Momentum, however, fizzled as the average rate on a 30-year fixed-rate mortgage pushed back above 7% in April against the backdrop of high inflation and a strong economy.

With inflation subsiding and financial markets expecting a rate cut in September followed by additional cuts in November and December, mortgage rates have been trending lower.

The rate on the 30-year fixed-rate mortgage averaged 6.89% last week, having dropped from a six-month high of 7.22% in May, data from mortgage agency Freddie Mac showed.

Though homebuilder confidence dropped to a seven-month low in July, the National Association of Home Builders' measure of single-family sales over the next six months improved.

But concerns about slowing economic activity, following a recent rise in the unemployment rate, could make builders more cautious about breaking new ground on projects.

Stocks on Wall Street were trading lower on prospects of tighter U.S. trade curbs on companies giving China access to advanced semiconductor technology. The dollar fell against a basket of currencies. U.S. Treasury yields rose.

RESIDENTIAL DRAG

Economists estimated that residential investment, which includes home building, likely subtracted from gross domestic product last quarter, after adding more than half a percentage point in the January-March quarter.

The Atlanta Fed is forecasting GDP increasing at a 2.7% annualized rate in the second quarter. The economy grew at a 1.4% pace in the first quarter. The government is scheduled to publish its snapshot of the April-June quarter growth next week.

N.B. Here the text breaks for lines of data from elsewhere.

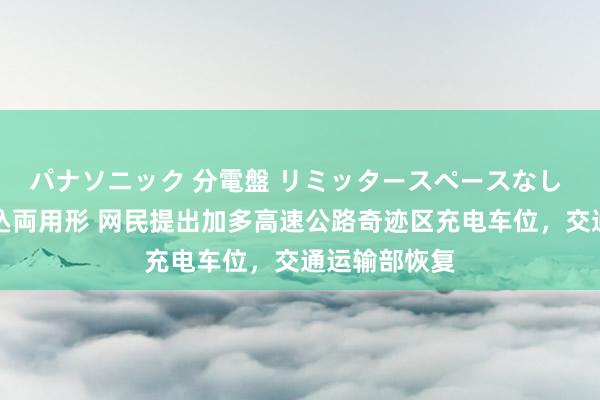 パナソニック 分電盤 リミッタースペースなし 露出・半埋込両用形 网民提出加多高速公路奇迹区充电车位，交通运输部恢复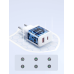 Joyroom JR-TCF05 20W USB-C | USB-A Fast Dual Port Wall Charger - White + USB-C - Lightning 1m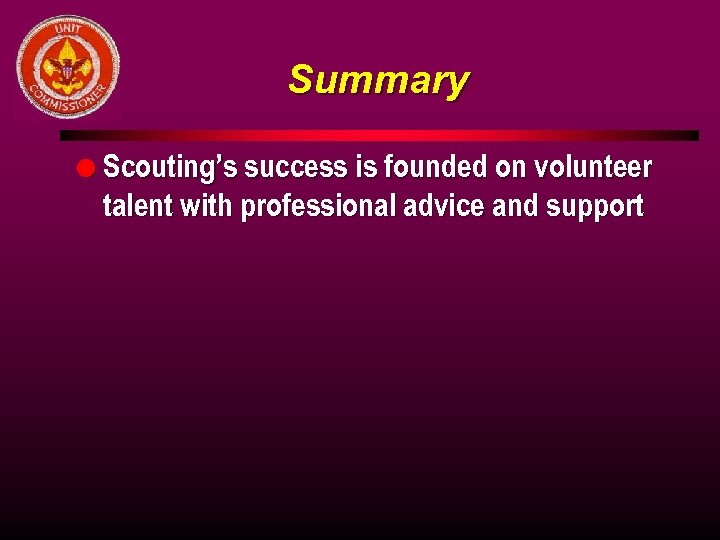 Summary l Scouting’s success is founded on volunteer talent with professional advice and support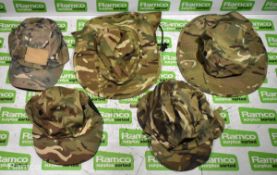 150x British Army MTP mixed hats - cold weather, tropical and combat -mixed sizes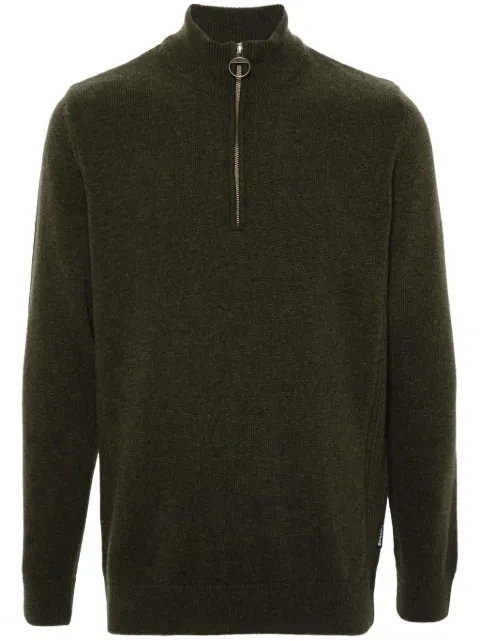 Barbour tartan-patch half-zip sweater Green MKN0837OL76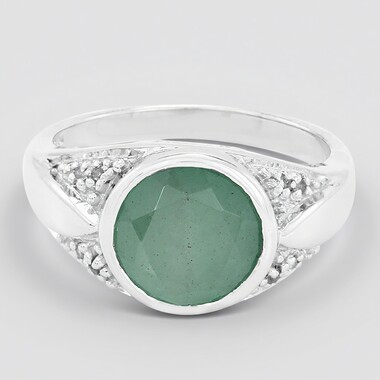 Anillo en plata con Calcedonia verde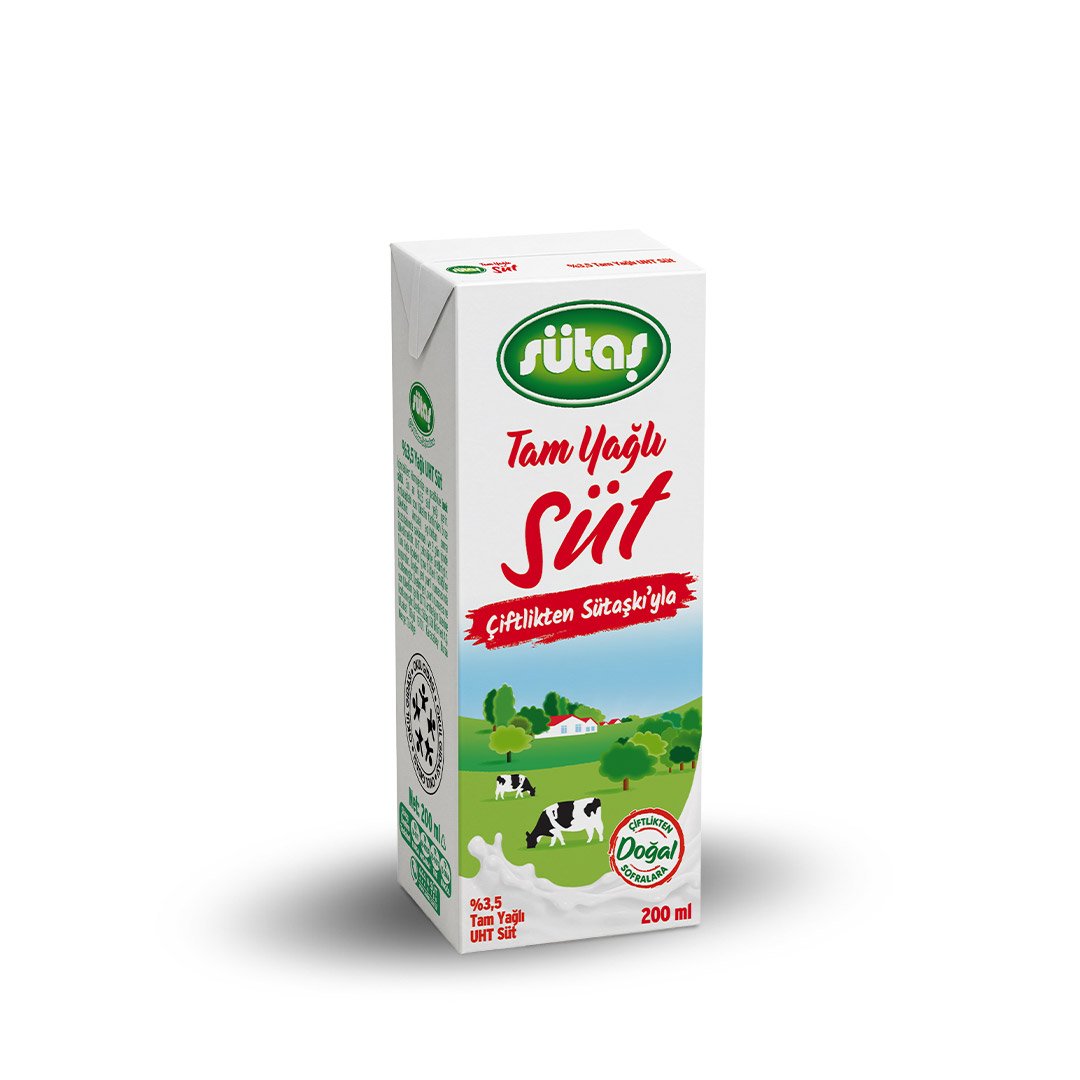 Sütaş Çiftliği’nden evinize taptaze! Soğuk zinciri koruyarak, ekiplerimizle getiriyoruz. Sütaş Tam Yağlı Süt 200 ml hemen satın al, Süt Puan topla!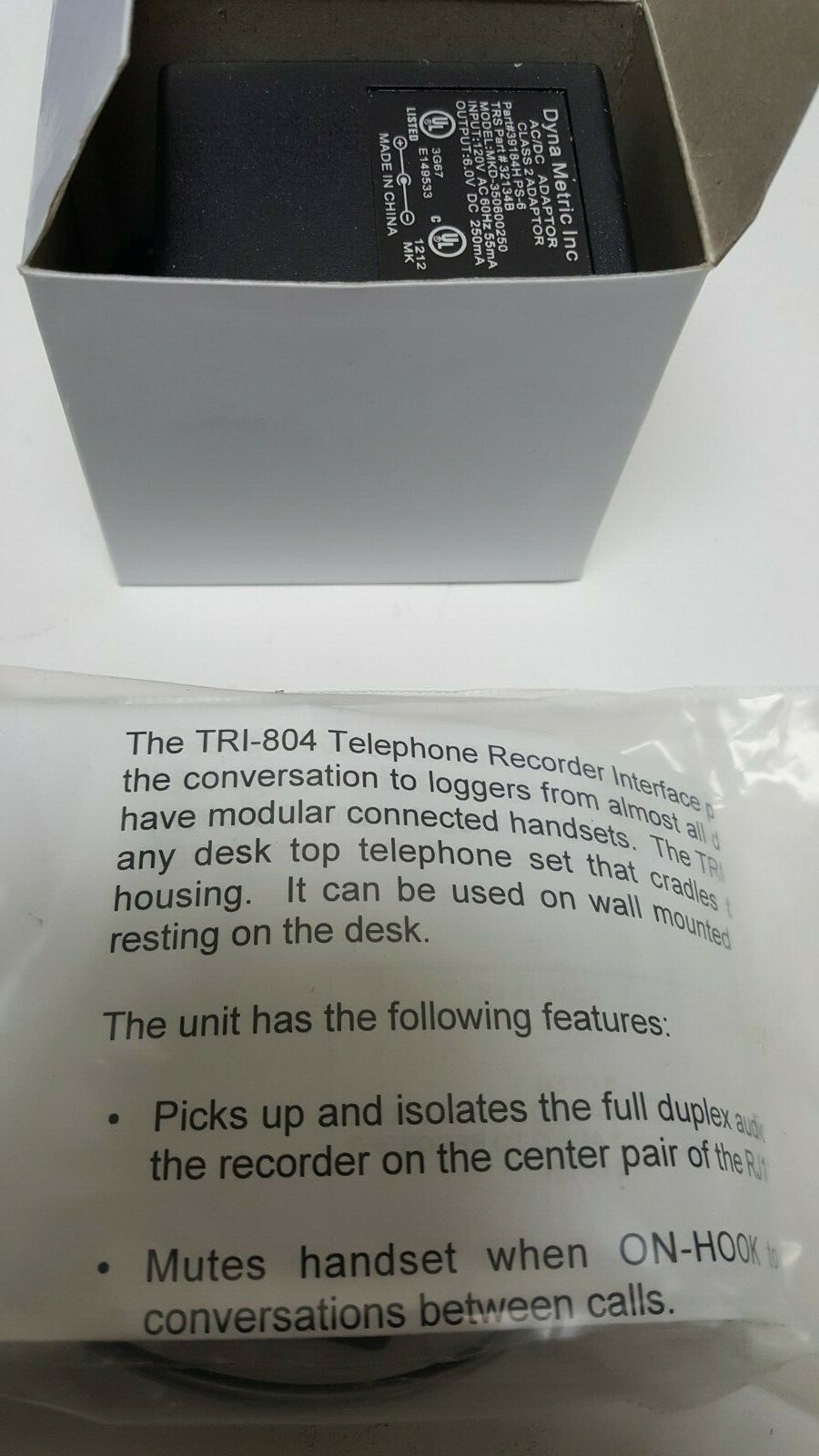 Dynametric Telephone Recorder Interface TRI-804 New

"The reductions in interest rates that we expect later this year likely will be a mixed blessing for the residential construction sector overall, as we think the Fed will be responding to rising unemployment, which will curb the flow of new buyers," said Ian Shepherdson, chief economist at Pantheon Macroeconomics.

Permits for future construction of single-family homes slipped 2.3% to a rate of 934,000 units, the lowest level since May 2023. Starts for housing projects with five units or more soared 22.0% to a rate of 360,000 units in June. Overall housing starts advanced 3.0% to a rate of 1.353 million units.

Economists polled by Reuters had forecast starts would rebound to a rate of 1.300 million units. Starts were down 4.4% from a year ago. Multi-family building permits surged 19.2% to a rate of 460,000 units. That contributed to lifting building permits as a whole by 3.4% to a rate of 1.446 million units.

The multifamily housing market segment continues to benefit from the shift to renting from buying.

The number of houses approved for construction that were yet to be started increased 1.8% to 277,000 units. The single-family homebuilding backlog rose 0.7% to 140,00 units.

The completions rate for that housing segment increased 1.8% to 1.037 million units. Overall housing completions jumped 10.1% to a rate of 1.710 million units, the highest level since January 2007. Realtors estimate that housing starts and completion rates need to be in a range of 1.5 million to 1.6 million units per month over time to bridge the inventory gap.

The number of housing units under construction fell 1.5% to a rate of 1.563 million units, the lowest level since January 2022. The inventory of single-family housing under construction dropped 1.3% to a rate of 668,000 units.

While the housing market is experiencing mixed fortunes, a nascent recovery is probably underway in manufacturing, the other interest-rate sensitive sector.

A separate report from the Fed on Wednesday showed factory production increased 0.4% in June after advancing 1.0% in May. Motor vehicle production surged to a nine-year high.

© Reuters. Single-family residential homes are shown under construction in Menifee, California, U.S., March 28, 2024.  REUTERS/Mike Blake/File photo

Production at factories shot up 1.1% on a year-on-year basis in June, and increased at a 3.4% annualized rate in the second quarter. That followed four straight quarterly declines.

"Manufacturing is snapping out of its earlier funk," said Bernard Yaros, lead U.S. economist at Oxford Economics.